My third time going out en femme, back in the summer of 2008, my friend Lauren and I were walking from one lesbian bar to another in an area of Columbus that is pretty artsy and has a large gay population, but there's also a lot of hip bars so there's a mixed crowd and it's near the Ohio State campus. Anyway as we were walking, I certainly didn't pass, I was heavier then than I am now, and probably wasn't all that graceful in my heels, but was having fun and people had been nice so far. Well, a car load of young guys who had probably already had a few clocked me, and started yelling at me from the car. First I heard "That's a guy!" and then they started actually saying "Sir? Sir?!" as if they had a question for me. What really made it tip the scales to uncomfortable town though was they actually started circling the block and coming back around to do it again. It was only my third time out like I said and I was so nervous that I didn't know what to do. I just pretended to not notice it, never turned my head, never looked at them, just gave them no reaction. In fact one of the girls I was with didn't even put two and two together that they were talking about me. We finally made it to the bar and they went off to do something else, probably burn ants with a magnifying glass or cow tipping or something.

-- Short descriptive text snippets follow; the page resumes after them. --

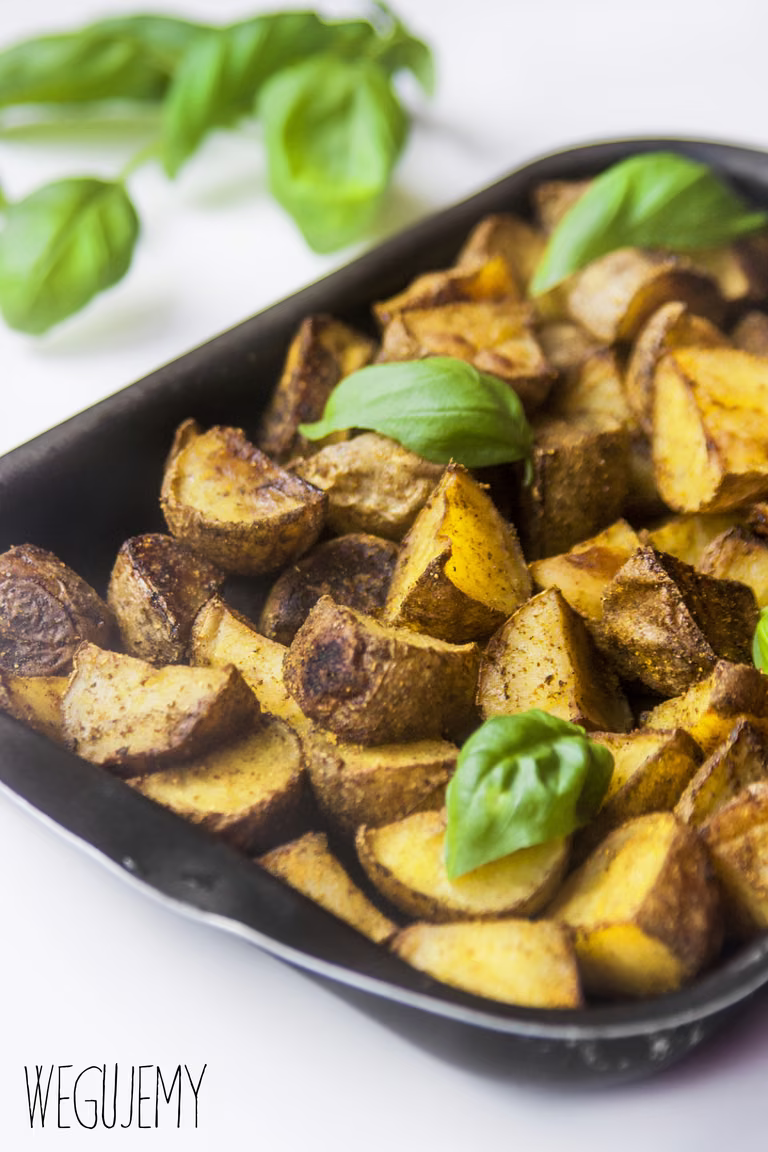 Karmelizowane pieczone ziemniaki curry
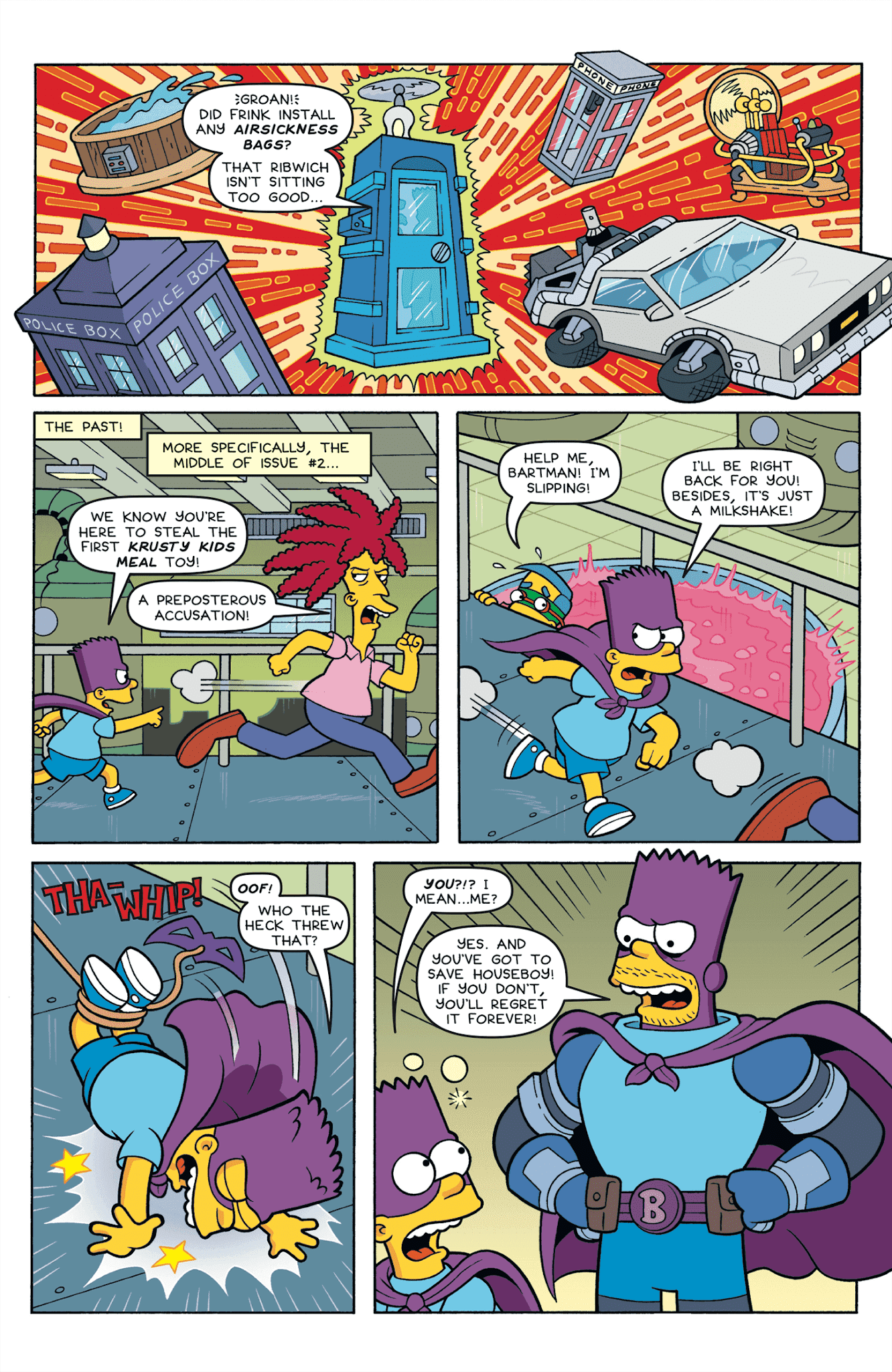 Read online Simpsons One-Shot Wonders: Bartman Spectacularly Super Secret Saga comic -  Issue #3 - 14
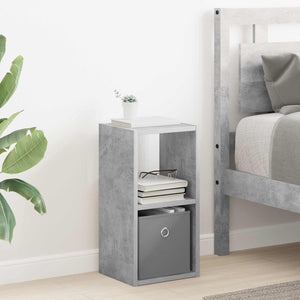 Κομοδίνο με συρτάρι 2 pcs Σκυρόδεμα Γκρι 25,5 x 22 x 49,5 εκ - Pakobazaar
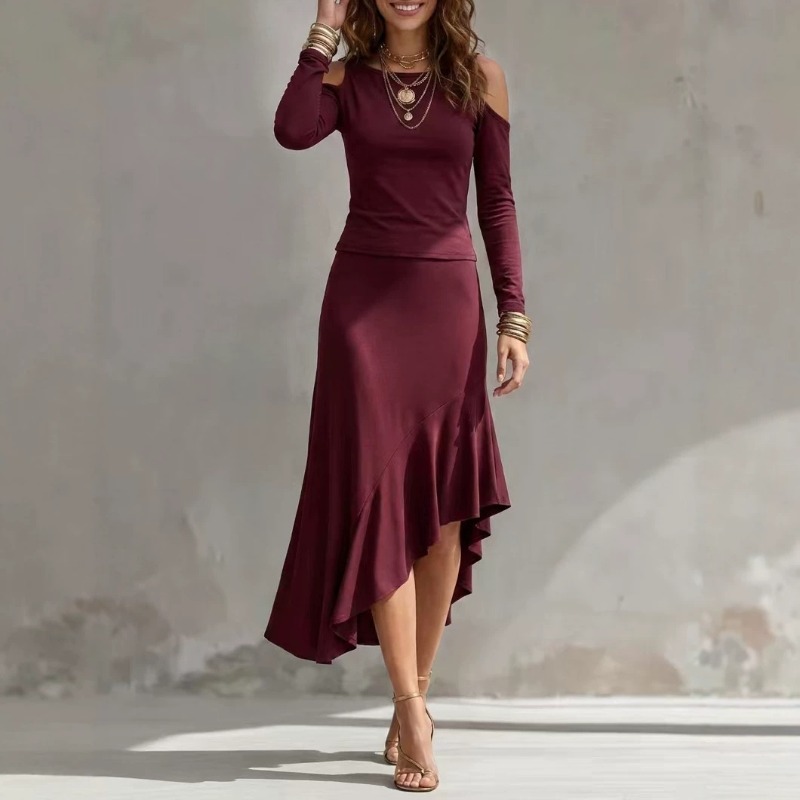 Conjunto Feminino Casual de Du - Asymmetric Top Women avaliação e preço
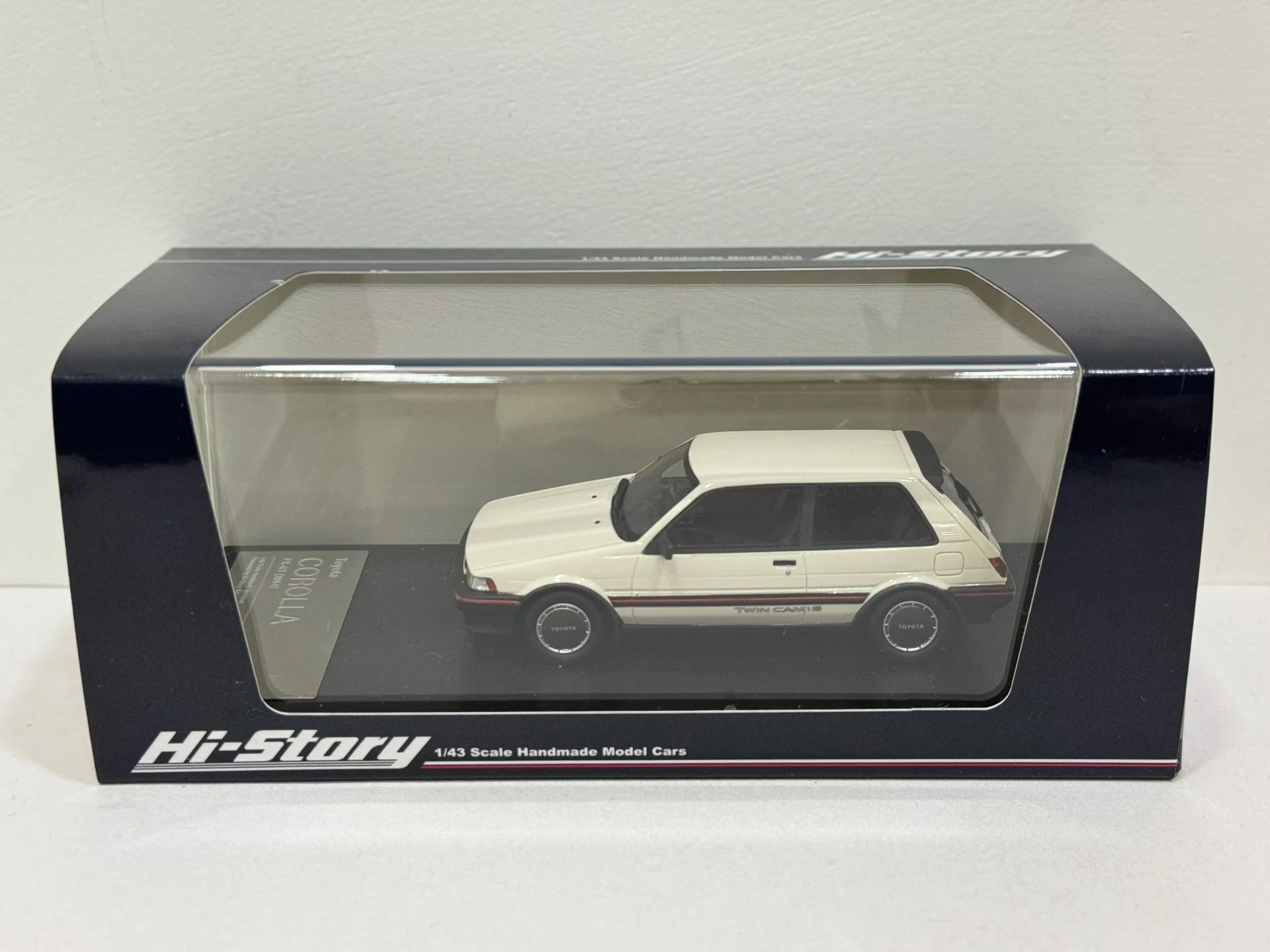 

Модель автомобиля Toyota Corolla из смолы, масштаб 1/43, Hi Story
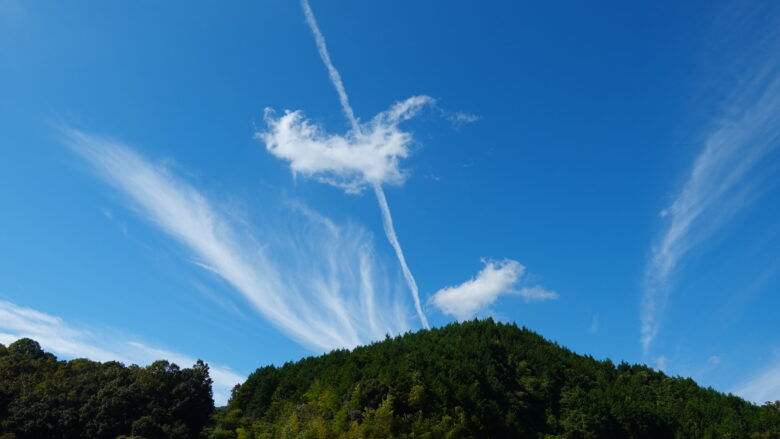 青空に龍を描く雲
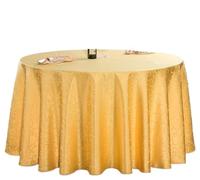 ZNTIHZ 10PCS Polyester Table Cloth per Matrimoni E Banchetti | Mantel de diámetro redondo, cubierta de mesa de tela for tejer(Yellow,Diameter 60inch)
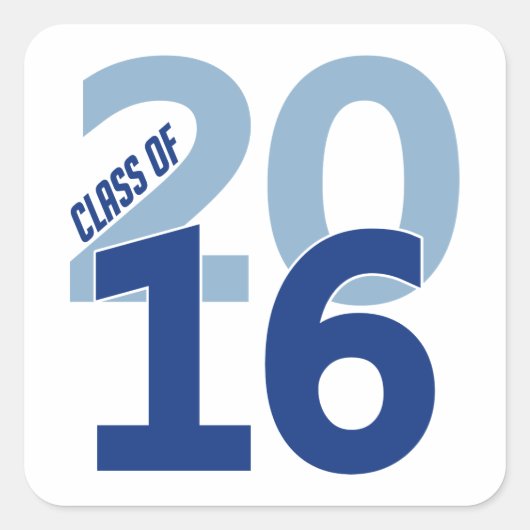 Klasse der Aufkleber 2016, anpassbar (Vorderseite)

The second was a time I was in line at target dressed as a guy but wearing a black kilt, tights, and a men't t-shirt. Obviously the issue wasn't being "clocked" as I was the clock, but the customer's in line behind me were a large black lady and her daughter, who was around 7 or 8 maybe. The little girl just started giggling and saying "Skirt!" and pointing at me. The thing is, I understand kids have no filter and unusual things cause them to react. So her behavior didn't bother me, what bothered me was her mother did absolutely nothing to stop it. If I'd done something like that as a kid my mom would've told me I was being rude, and disciplined me. Her mom instead glared at me as if I was actually doing something wrong, with a look on her fact like "Go ahead and say something!" So her daughter just kept running her mouth "Skirts aren't for boys. They're for ladies." stuff like that. What sort of made it better for me was then the girl said "Ladies!" and spelled it out "L-A-D-Y-S." So she's got some other issues.

JohnH
03-02-2012, 01:01 PM
Passing is im I was walking through the subway platform in Montreal, and a woman asked me in french, what time it was. I replied 'je ne said pas", intending to move on. She then clocked me by my voice, and started shouting (in french and in English) "Hey, Monsieur! why are you wearing a dress?! Monsieur! Mister!... Thats a MAN!!!"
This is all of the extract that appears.